> **Exercise prompt**:
Every line from the one with "A photo of Crocs shoes on a grass background" to the final line of the records should be printed exactly as it is, with pictures left out.

── Data extracts ──

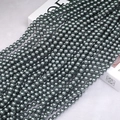 Macro shot of dark grey metallic pearls with high luster on a stylish brand display box - 5mm (Approx. 180pcs/Strand) / Tahitian Black Pearl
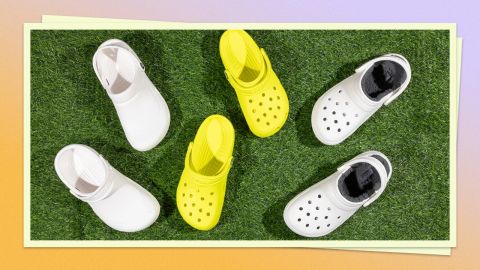 A photo of Crocs shoes on a grass background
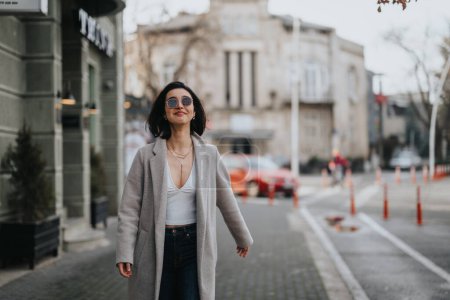 Ein modisches junges Mädchen schlendert an einem Herbsttag durch die Straßen der Stadt und strahlt in ihrer lässigen schicken Kleidung Selbstbewusstsein und Stil aus.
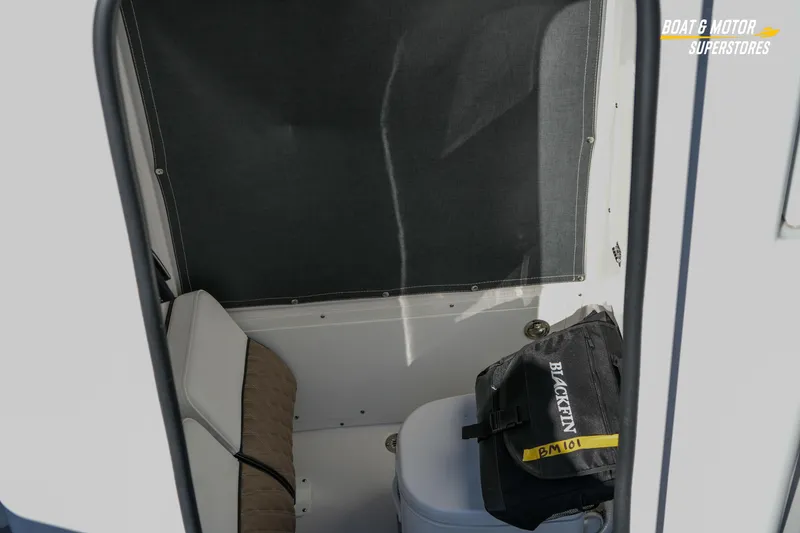 Slide: The Image of Interior of 2025 Blackfin 242 HB boat with seating and storage bag. - 41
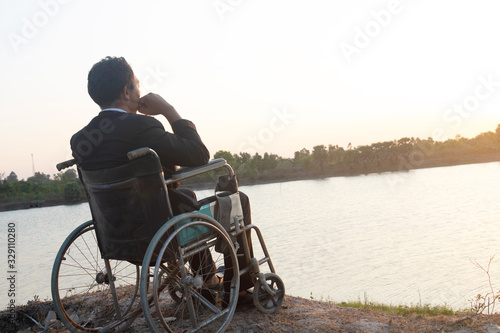 Young disabled man with field background.He is wearing a hat and sitting on wheelchair.He is looking into river.despair,lonely,hope.Photo concept depression and Patient.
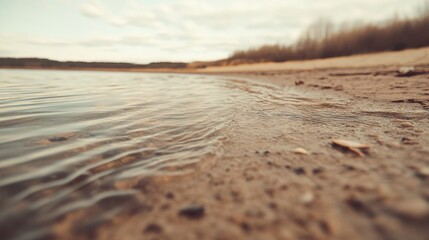 Calm lake water lapping gently on sandy shore.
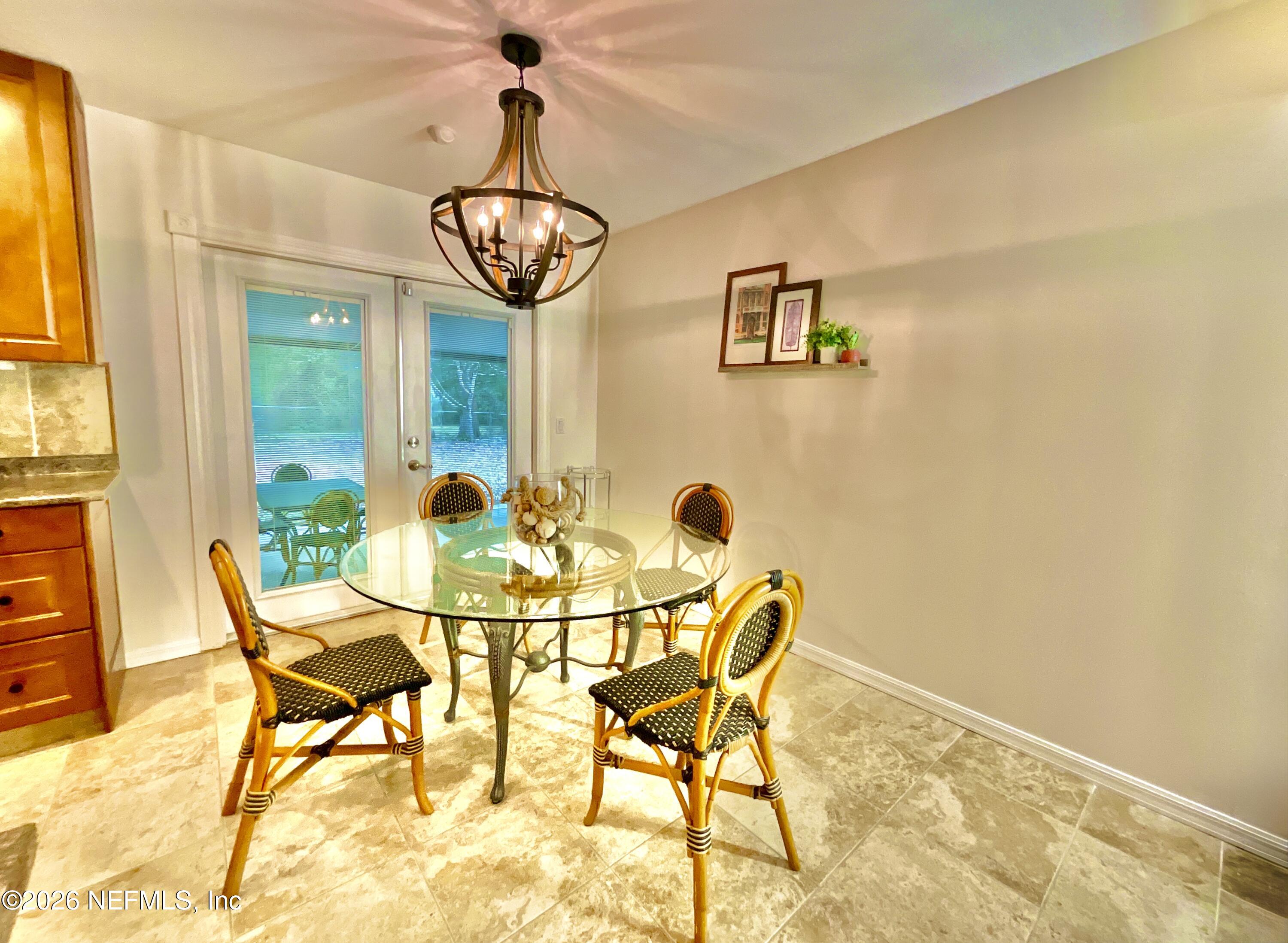 17221 Northeast 77th Lane Hawthorne, FL 32640 - Photo 21 of 59 a view of a dining room with furniture and a chandelier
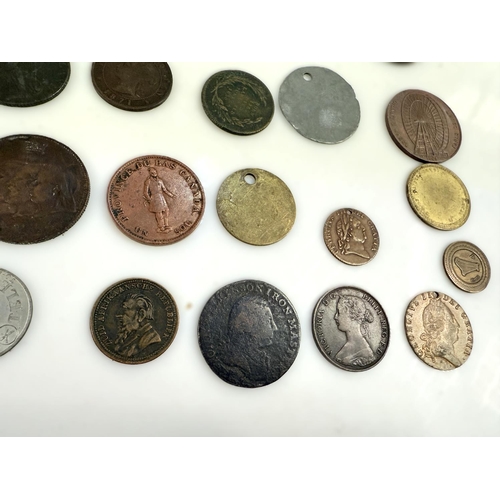 228 - A collection of 25 tokens, 18th-20th Century.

───

> **Result for this task**:
 A photo of Crocs shoes on a grass background
 Ein modisches junges Mädchen schlendert an einem Herbsttag durch die Straßen der Stadt und strahlt in ihrer lässigen schicken Kleidung Selbstbewusstsein und Stil aus.
 Slide: The Image of Interior of 2025 Blackfin 242 HB boat with seating and storage bag. - 41
 Young disabled man with field background.He is wearing a hat and sitting on wheelchair.He is looking into river.despair,lonely,hope.Photo concept depression and Patient.
 Calm lake water lapping gently on sandy shore.
 17221 Northeast 77th Lane Hawthorne, FL 32640 - Photo 21 of 59 a view of a dining room with furniture and a chandelier
 228 - A collection of 25 tokens, 18th-20th Century.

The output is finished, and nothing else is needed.